Seguimos por la senda de Santiago y nos encontramos con Rajoy, que en cuanto le dejan se muestra con la misma socarronería de siempre, sólo comparable a la de su patrón Fraga, así el próximo día 13 puede repetir perlas como: “Por supuesto que yo no desprecio a los españoles, ni siquiera a usted”. ¿Recuerdan a Fraga? Con todo respeto, era un “crack”, y sin mala fe y no dudando que a pesar de sus formas era un demócrata, a veces “pasaba” de su partido juntándose con algún dictadorzuelo so pretexto de “los supremos intereses de Galicia o de España”.

Nos queda Pablo Iglesias, a quien lo definen sus abrazos; ahora los recibirá Garzón en lugar de Errejón, que se libera, y buscando una similitud con Carrillo, éste era apoyado por la mayoría de intelectuales titiriteros de la época y Pablo tiene muy pocos que le apoyen y ni siquiera los necesita, dice “tic-tac, tic-tac” y todo resuelto. Es un buen teórico pero nadie sabe si encontrará la templanza política que precisan los grandes líderes.

Dejamos para el final –otro día hablaremos de Suárez, Calvo Sotelo y Zapatero– al gran animador de campañas, que aunque ahora le pese –no tendría por qué– ese era Alfonso Guerra. A don Alfonso la gente siempre le recibía con el mismo ánimo: “¡Dales caña, Alfonso!”. Y él hacía gracia hasta cuando se justificaba: “Yo no insulto, analizo”.  Era el mejor y sus adversarios no sabían cómo defenderse de sus ataques, con lo cual, si no acudían al insulto seco y nada ingenioso, como quien le llamaba “soplagaitas”, a otros, caso de Luis Ramallo, lo sacaba de quicio y terminaba por recordar a don Alfonso la hora para el psiquiatra, o gente comedida como Miquel Roca, quien llegó a decir “que si los europeos conocieran a Alfonso Guerra no nos dejarían entrar en Europa”.

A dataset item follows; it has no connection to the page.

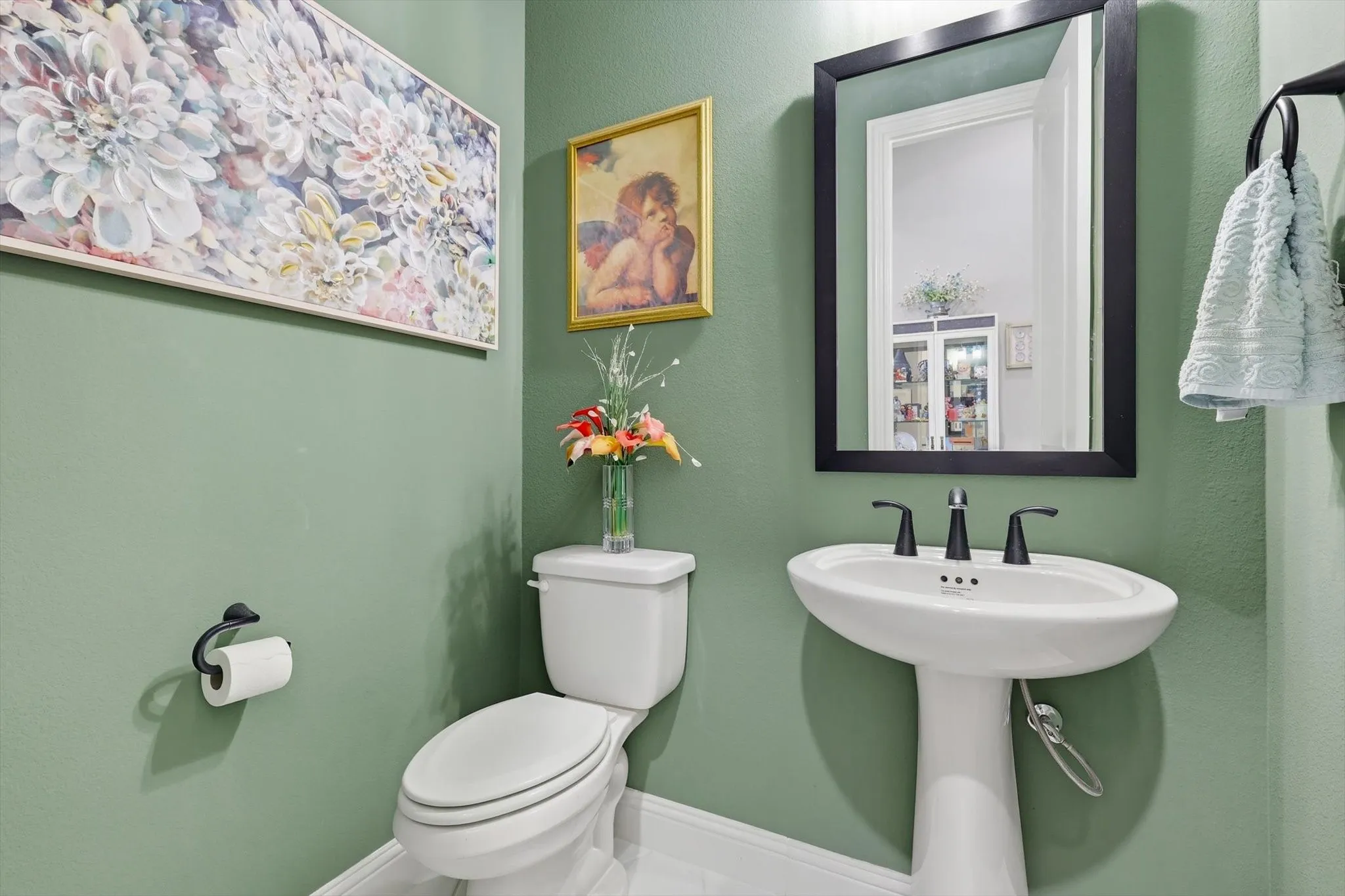 Single Family Residence For Sale in Denton County , 1209 1st Street, Northlake, Texas 76226, 3 Bedroom, 3 Bathroom, 3 Garage spaces, 2,381 Sqft, built in 2023, mls#21232369, Real Estate Agent in Northlake, Homes For Sale in Denton county, Homes For Sale in Northlake, Realtor in Northlake Texas, Real Estate Brokerage Independent Realty Texas, Luminita Cordes Realtor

Mientras, él se divertía y a lo suyo: “Mis compañeros me preguntan antes de los mítines: Señor Guerra, cómo le presentamos. Y yo les digo: Pero por qué me preguntan eso, ¿es que acaso yo soy impresentable?”. Así, con una ocurrencia tras otra, haciéndose preguntas y dándose respuestas, entusiasmaba los auditorios y abarrotaba las plazas de toros.

Sin embargo, detrás de su aparente superficialidad, de la que con fina ironía e inteligencia se revestía en épocas de elecciones, su yo se escondía y se esconde en una persona muy sensible, quien define la poesía de esta manera: “es una toma de conciencia de la realidad mucho más profunda que cualquier otra de las actividades humanas: el poeta cala como el que hace prospecciones en el suelo; baja y te enseña lo que ha visto, que los demás no vemos. Me gustaría tener ojos de poeta y de niño”.